An employer shall post a copy of this Subchapter or a summary approved by the Department in a prominent place in the work area. An employer who violates this section is subject to a civil penalty not exceeding $100.00. The Attorney General may bring a civil action, on behalf of this State, to impose and collect any civil penalty arising under this section.
§750. Retaliation Prohibited and Civil Action Created.

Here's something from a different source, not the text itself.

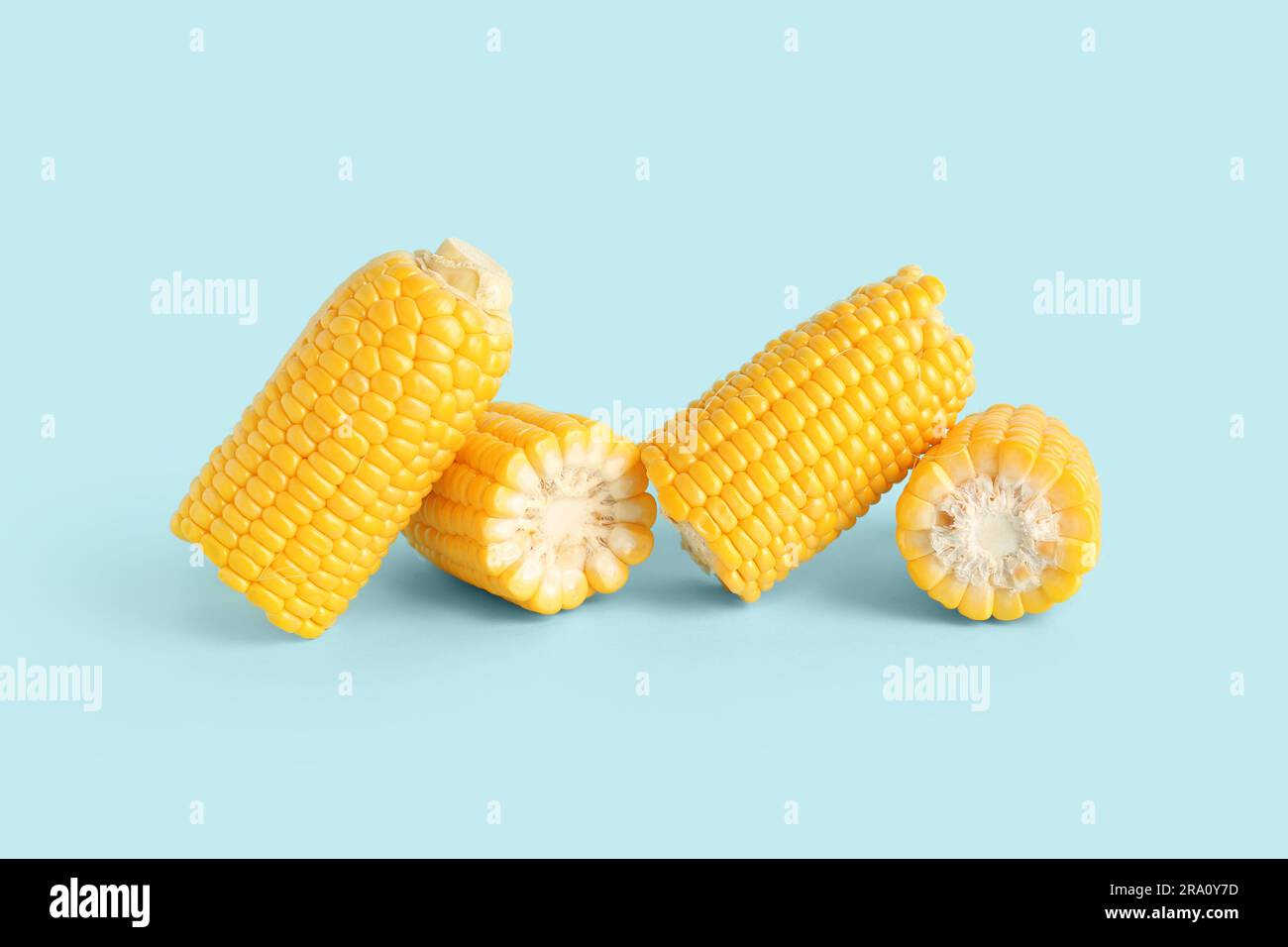 Cut fresh corn cobs on blue background Stock Photo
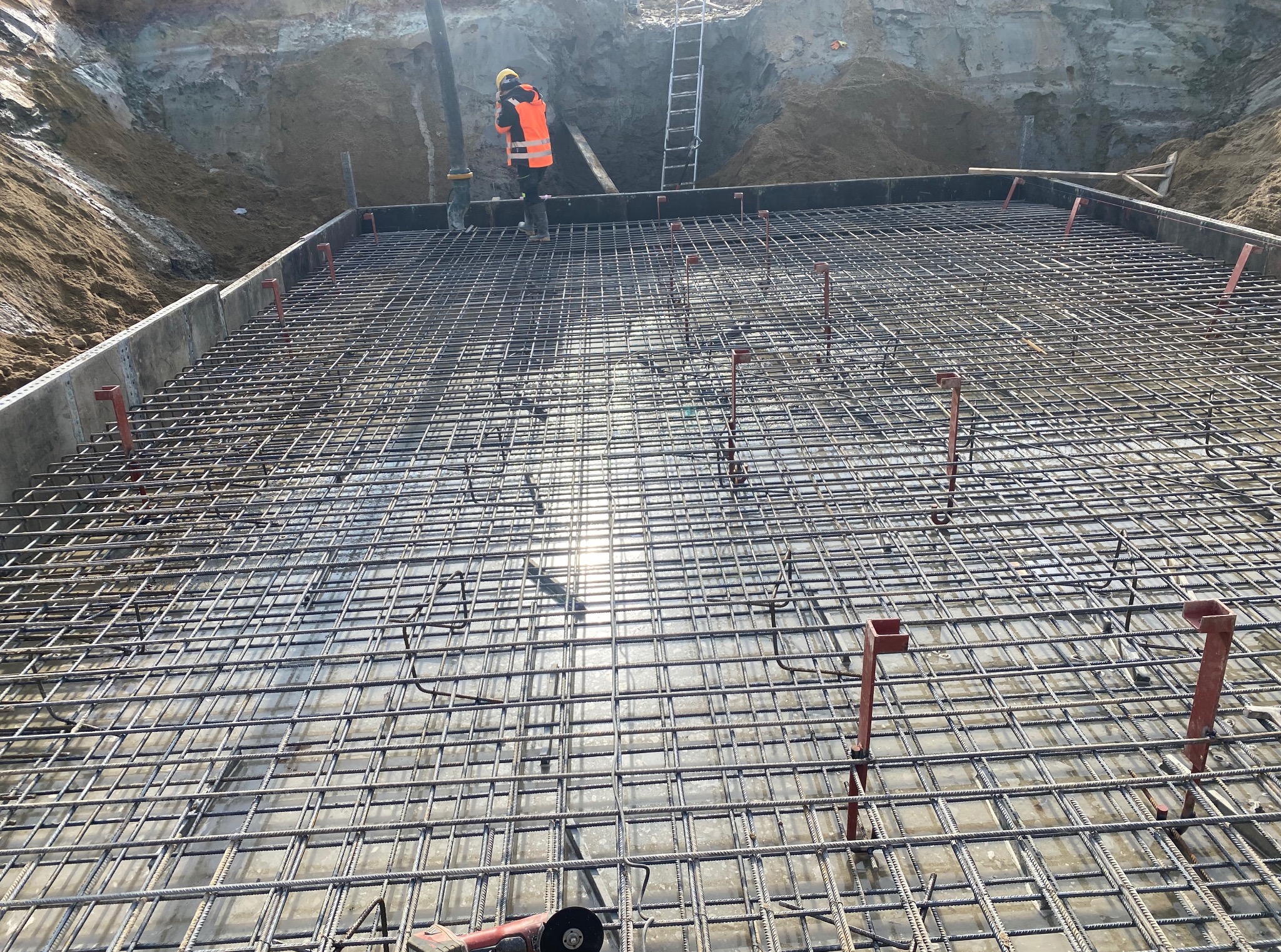 Zbrojenie fundamentu płyty betonowej z widocznymi prętami, podkładkami dystansowymi i pracownikiem w odblaskowej kamizelce na tle wykopu i drabiny.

An employer or other employing person may not directly or indirectly take adverse action in retaliation against an individual for filing a complaint, giving testimony, or otherwise lawfully participating in proceedings under this Subchapter, whether or not the individual is an employee having rights under this Subchapter. An employer or other employing person who violates this section is liable to the individual subjected to the adverse action in retaliation for damage caused by the action, punitive damages when appropriate, and reasonable attorney's fees. A separate civil action may be brought to enforce this liability. The employer is also subject to applicable procedures and remedies provided by §745 through §748 of this subchapter.
§751. Severability.
If any provision of this Subchapter or its application to any person or circumstance is held invalid, the invalidity does not affect other provisions or applications of this Subchapter which can be given effect without the invalid provision or application, and to this end the provisions of this Subchapter are severable
§752.Savings and Transitional Provisions.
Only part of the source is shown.